8,0 0 0 4466.132851211 0 m N cfq schedule dispatch
8,0 0 0 4466.132854564 0 m N cfq20720 keep_queue
timer_pending st->count:2, dispatch:0
8,0 0 0 4466.139951919 0 m N cfq idle timer fired
8,0 0 0 4466.139954713 0 m N cfq20720 slice expired
t=0
8,0 0 0 4466.139958066 0 m N cfq20720 sl_used=17
disp=21 charge=17 iops=0 sect=176
8,0 0 0 4466.139959742 0 m N cfq20720 del_from_rr
8,0 0 0 4466.139963653 0 m N cfq schedule dispatch
8,0 1 1499521 4466.791207736 7570 A R 7258191 + 8 <- (8,1)
7258128
8,0 1 1499522 4466.791209692 7570 Q R 7258191 + 8 [httpdmon]
8,0 1 1499523 4466.791217514 7570 G R 7258191 + 8 [httpdmon]

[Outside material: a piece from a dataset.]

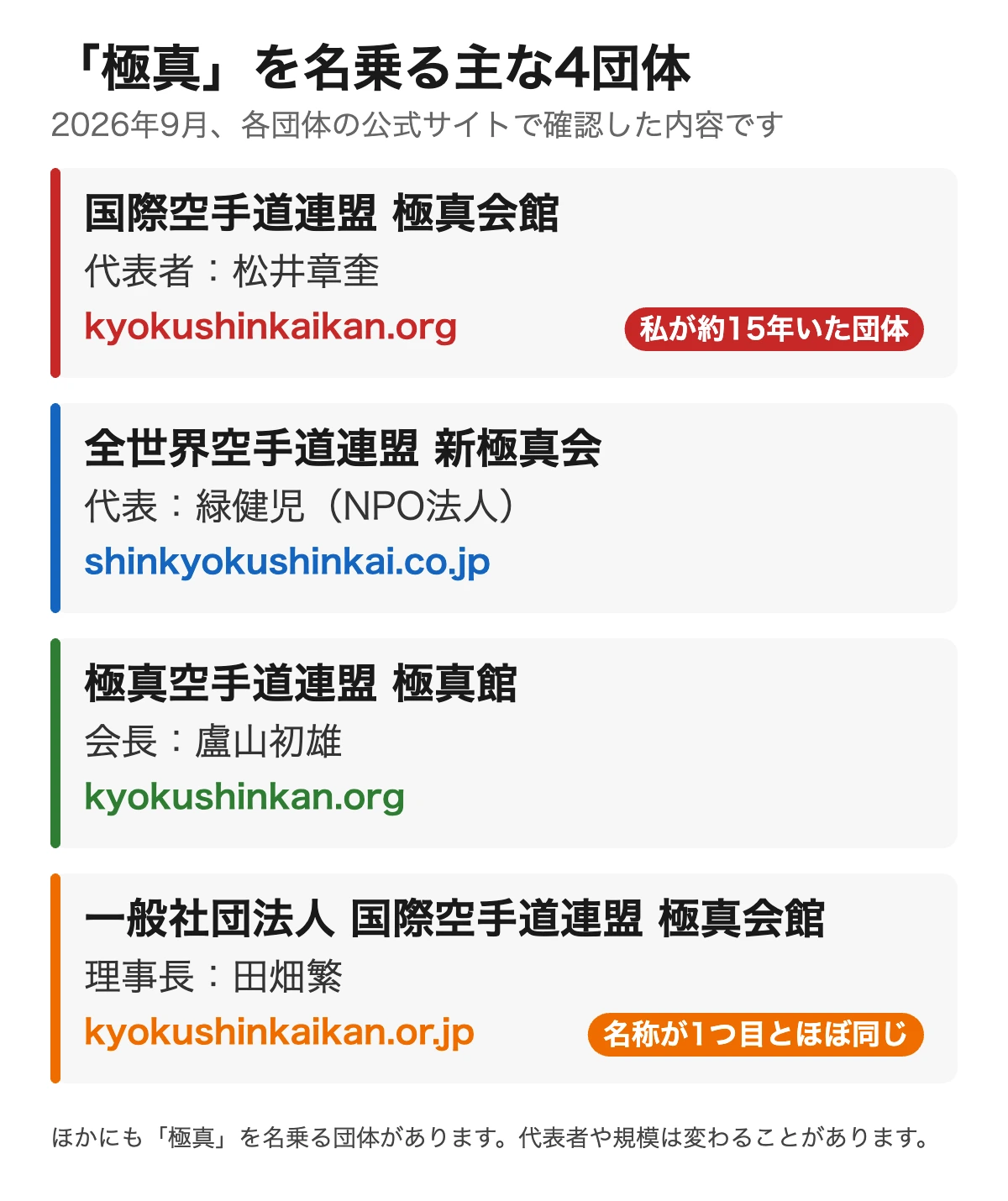 極真会館、新極真会、極真館、一般社団法人極真会館の4団体の名称・代表者・公式サイトを並べた説明図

8,0 1 1499524 4466.791221705 7570 I R 7258191 + 8 ( 4191)
[httpdmon]
8,0 1 0 4466.791227572 0 m N cfq7570 insert_request
8,0 1 0 4466.791229248 0 m N cfq7570 add_to_rr
8,0 1 0 4466.791235953 0 m N cfq20719 set_active
wl_prio:0 wl_type:2
Here we deleted queue 20720 and did nothing for .6 seconds and from
previous logs it is visible that writes are pending and queued.
For some reason cfq_schedule_dispatch() did not lead to kicking queue
or queue was kicked but somehow write queue was not selected for
dispatch (A case of corrupt data structures?).
Are you able to reproduce this issue on latest kernels (3.5-rc2?). I would
say put some logs in select_queue() and see where did it bail out. That
will confirm that select queue was called and can also give some details
why we did not select async queue for dispatch. (Note: select_queue is called
multiple times so putting trace point there makes logs very verbose).